Small and medium-sized enterprises are a driving force in the economy, and it’s no secret that their success is crucial.

That’s why it’s encouraging to see a recent survey reveal a significant increase in employment among Australian SMEs, with the number of employees growing by an impressive 7.7 per cent over the past year.

While monthly growth was modest at 0.1 per cent, it is clear that small businesses in Australia are on the rise and are not likely to slow down anytime soon.

However, the growth in SME employment numbers has been stagnant or marginal in every state and territory since October 2022.
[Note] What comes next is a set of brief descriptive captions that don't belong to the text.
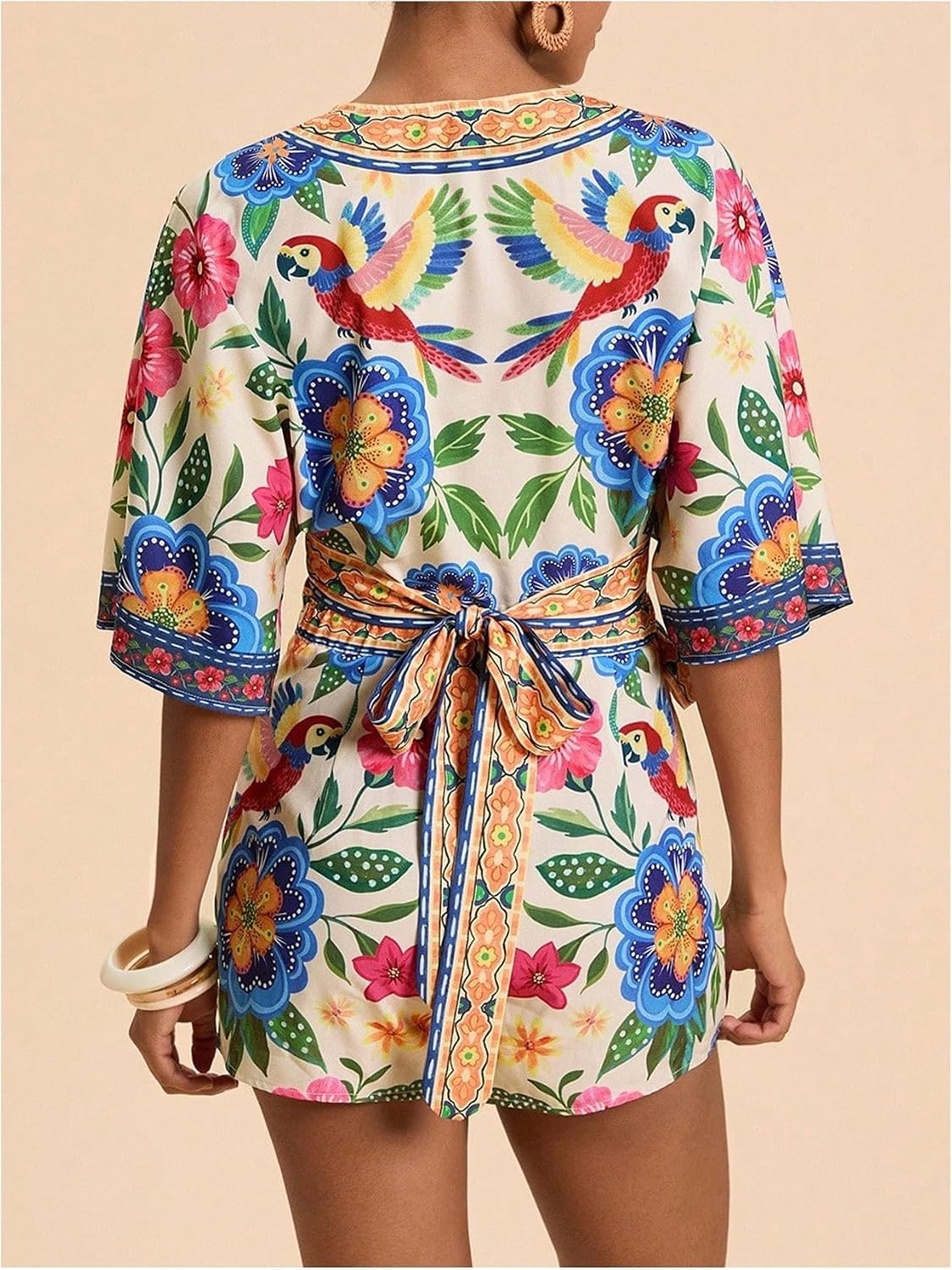image:imageMakeMeChic Womens 2 Piece Summer Sets Boho Floral Crop Tops Wrap Skirt Set Resortwear Vacation OutfitsMulticolor
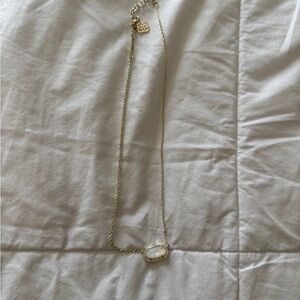 White Opal Necklace Gold Tone | Kendra Scott Style | Dainty Minimal Necklace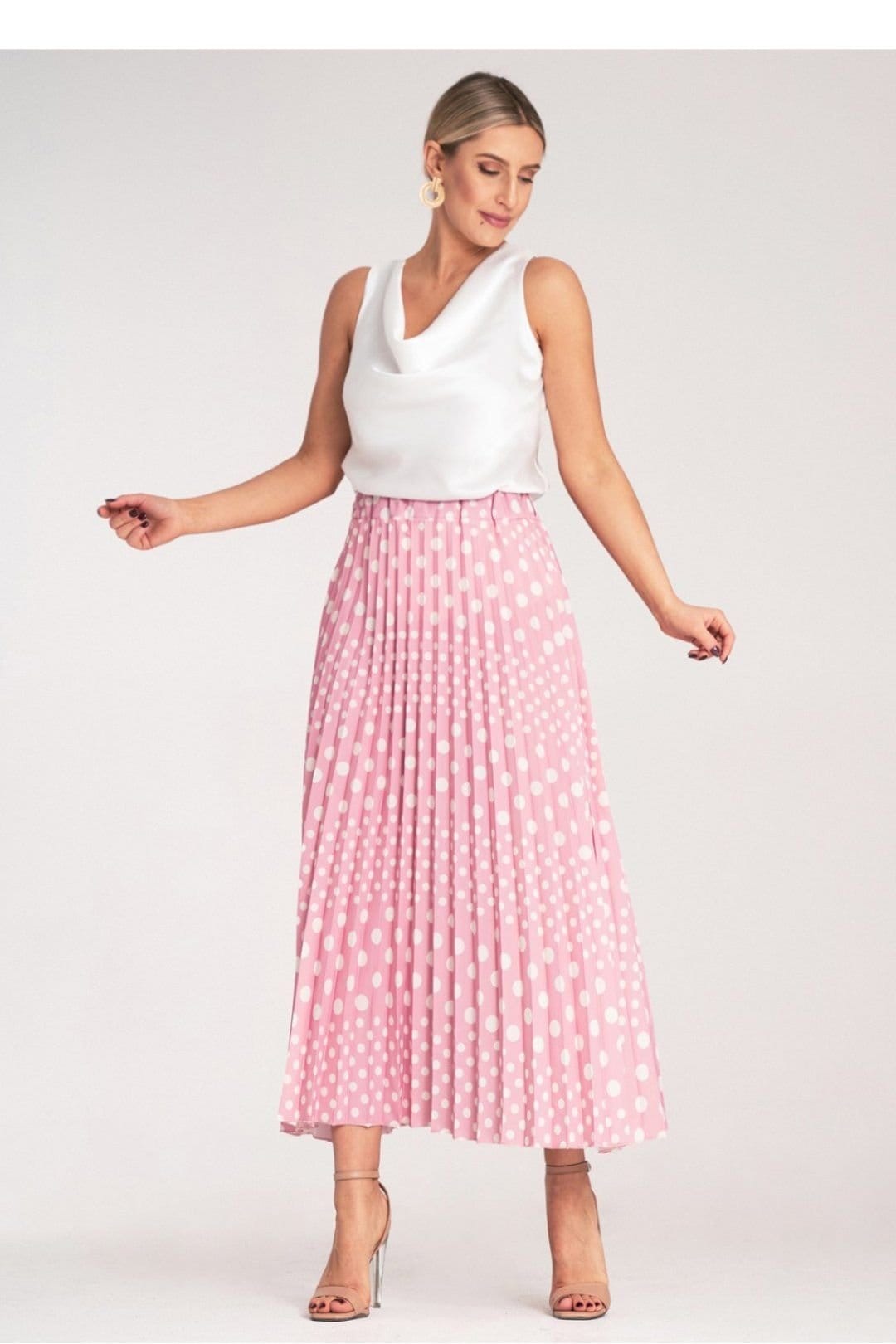 Love Lace Love Lace Women's High Waist Belted Polka Dot Pleated Midi Skirt in Pink - 4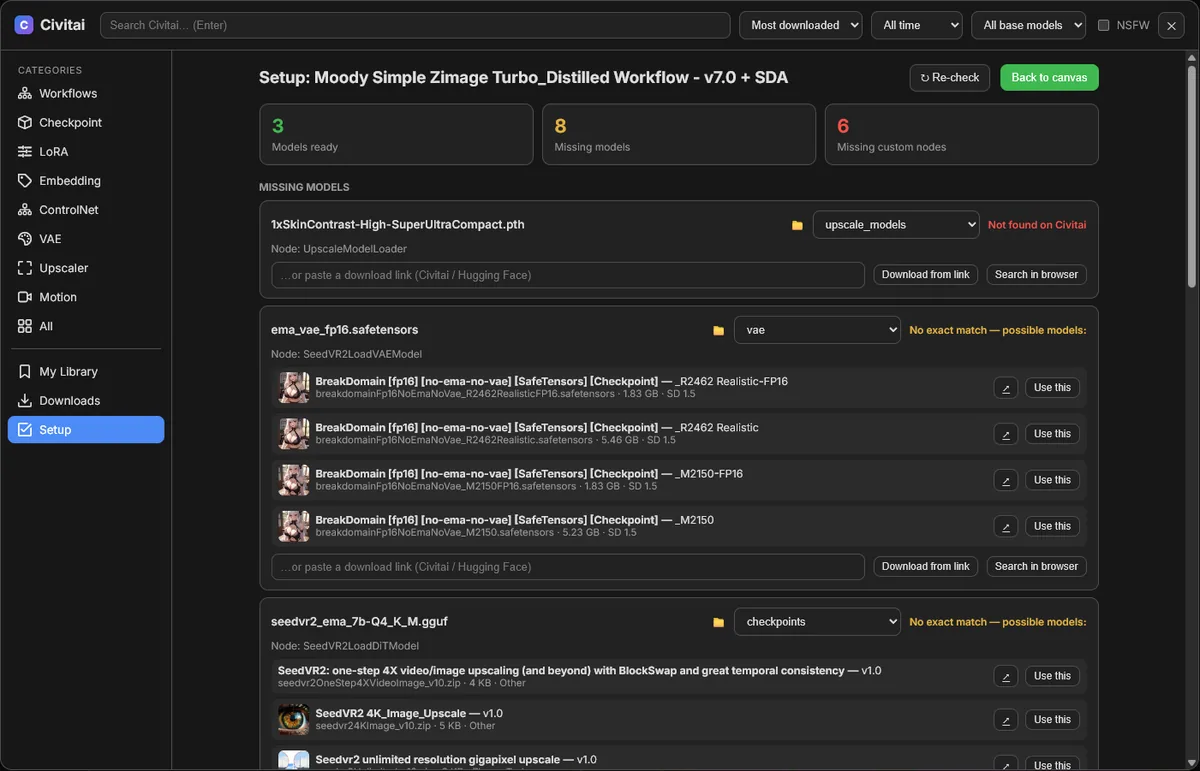 One-click workflow setup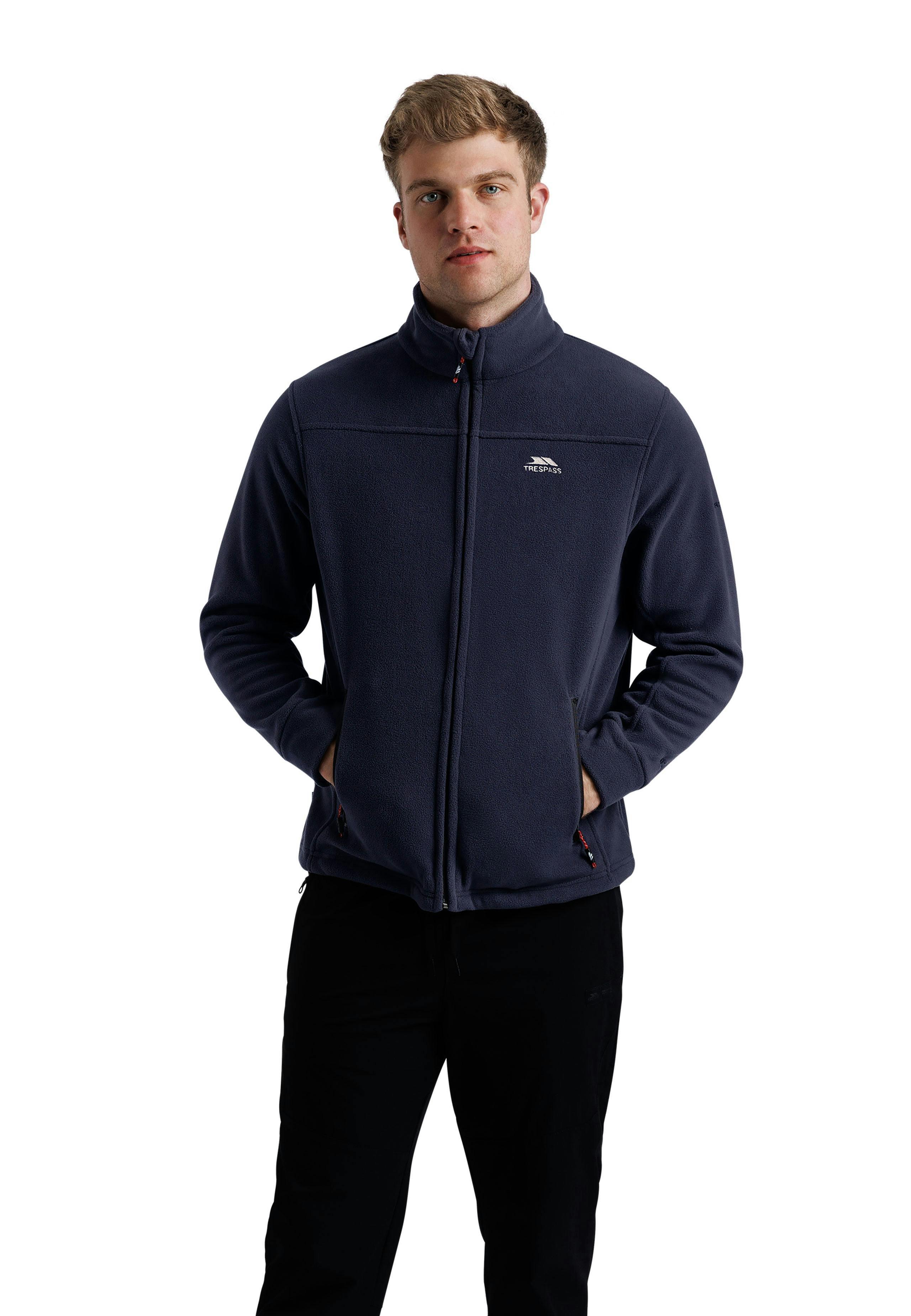 Trespass Mens Sueded Fleece Jacket Bernal In Navy , view 3 of 6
According to the Employment Hero SME Index, in November 2022, Australian SMEs’ average number of employees was 17 points higher than in January 2019. However, the growth from October to November 2022 was only marginal at 0.7 points.

Every state and territory saw growth in employment numbers among SMEs compared to a year ago in November 2021, with South Australia (10.6 per cent), the ACT (9.6 per cent), and West Australia (8.5 per cent) experiencing above-average growth. 

Australian SMEs see annual growth in hiring, but monthly progress remains modest

SMEs in the Northern Territory, the ACT, Queensland, and Tasmania did not see any growth from October to November 2022, while SMEs in West Australia (0.2 per cent), South Australia (0.1 per cent), New South Wales (0.1 per cent), and Victoria (0.1 per cent) experienced only minimal growth over the same period.

In November, the median hourly rate for employees working in Australian SMEs was $35.00. Since November 2021, median wages grew by 6.8 per cent for those under 18, 7.9 per cent for 18-24-year-olds, 8.6 per cent for those aged 25-64, and 6.7 per cent for those over 65.

Business sentiment worsening 

In what many would regard as a disastrous turn of events, indicators of SME success, such as sales, profit, and growth, are beginning to suffer, implying that the impact of increasing interest rates is beginning to hurt consumer spending.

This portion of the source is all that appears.